Что-то еще стонало в ветрах, в ветрах ноября. Но по мере того как одна ночь сменяла другую, эта долгая, тягучая нота понемногу стихала в той крепнувшей между башен музыке, что почти еженощно полнила слух людей, засыпавших или пытавшихся заснуть в замке Гроанов. Все сильней и сильней различались во тьме ноты свирепых страстей. Ярости, гнева, страдания, мести, с гиком гонящей свою жертву.

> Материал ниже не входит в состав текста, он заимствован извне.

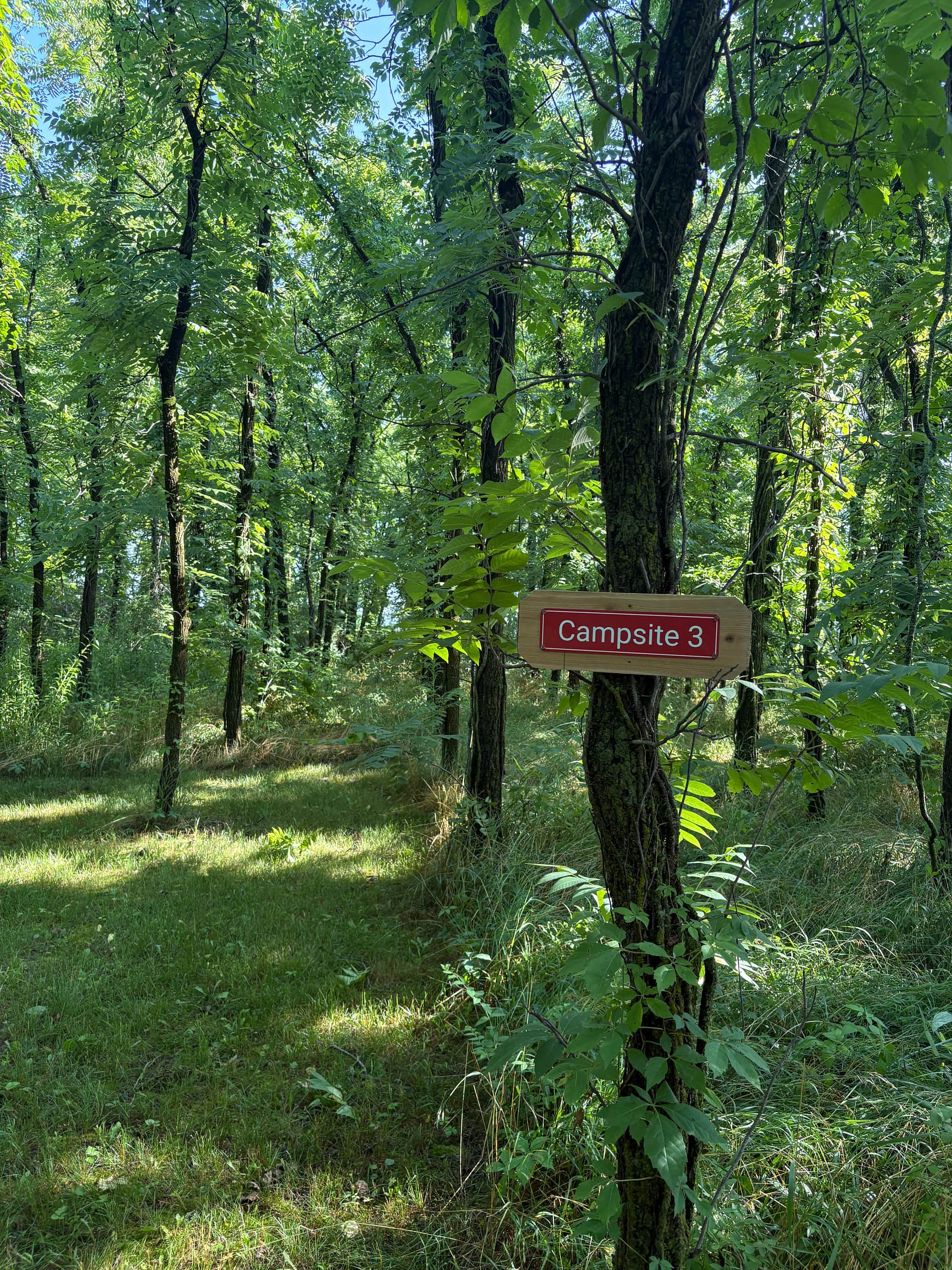 Picture of the site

В один из вечеров, через несколько недель после пожара и примерно за час до полуночи, Флэй опустился на пол под дверью спальни лорда Сепулькревия. Сколько он ни был привычен к холодным доскам пола, уже многие годы служившим ему единственным, какое Флэй знал, ложем, однако в этот ноябрьский вечер они проняли его жесткие кости такой стужей, что у него заломило в ступнях. Ветра визжали и выли над Замком, студеные сквозняки гуляли по лестницам, и Флэй слышал, как на разных расстояниях от него распахиваются и затворяются двери. Он способен был проследить ход воздушного тока, приближавшегося к нему от северных укреплений, ибо легко узнавал особые звуки, с которыми скрипуче раскрывалась и захлопывалась та или иная из далеких дверей, звуки, набиравшие силу, пока не вздымалась, что-то шепча, тяжелая, заплесневелая занавесь, обозначавшая в сорока футах от него конец коридора, и скрытая ею дверь не напрягалась со скрежетом, норовя слететь с единственной ее петли, и Флэй не понимал, что прямо к нему летит ледяное стрекало нового сквозняка.

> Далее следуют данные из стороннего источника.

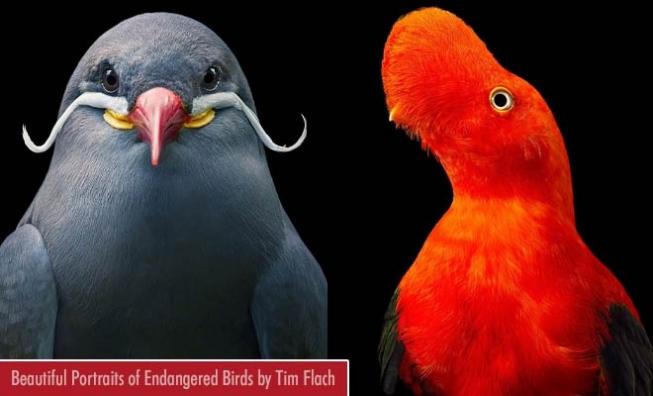 15 beautiful portraits of endangered birds by photographer tim flach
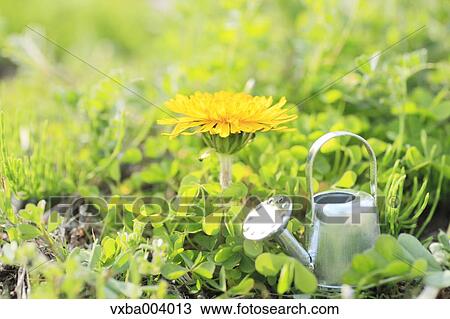 Stock Image - Dandelion. Fotosearch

– Старею, – бормотал он, потирая бока, и складываясь, приподнимался, точно палочник, у порога хозяйской спальни.

В прошлую зиму, когда Горменгаст утопал в глубоких снегах, он спал достаточно крепко. С неудовольствием вспоминал теперь Флэй обледенелые окна, снег, налипший на стекла, через которые он, когда солнце падало за Гору, казалось, норовил вползти внутрь кровавой пеной.

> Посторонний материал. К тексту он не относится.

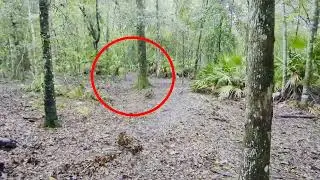 Rainy woods walk at the archery club before Hurricane Milton arrives
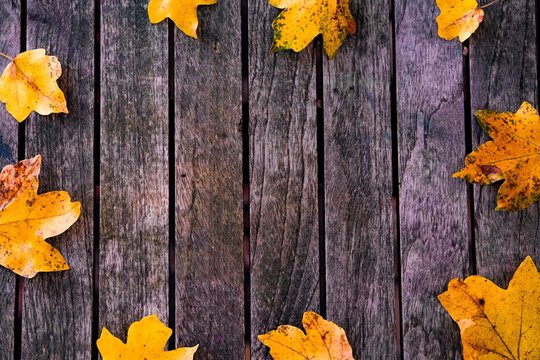 Autumn Leaves over wooden background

Воспоминание это расстроило Флэя, к тому же он смутно сознавал, что причина, по которой холод все пуще донимает его в эти одинокие ночи, никак не связана с возрастом. Тело Флэя давно уж закалилось настолько, что стало походить на некую неодушевленную вещь, ничего не имеющую общего с плотью и кровью. Правда, эта ночь выдалась особенно тяжкой – необузданная, шумная, – но Флэй помнил, что четыре ночи назад ветра не было вовсе, а он все едино дрожал, как дрожит сегодня.

– Старею, – вновь просипел он сквозь длинные пожелтевшие зубы, сознавая, впрочем, что сам себе лжет.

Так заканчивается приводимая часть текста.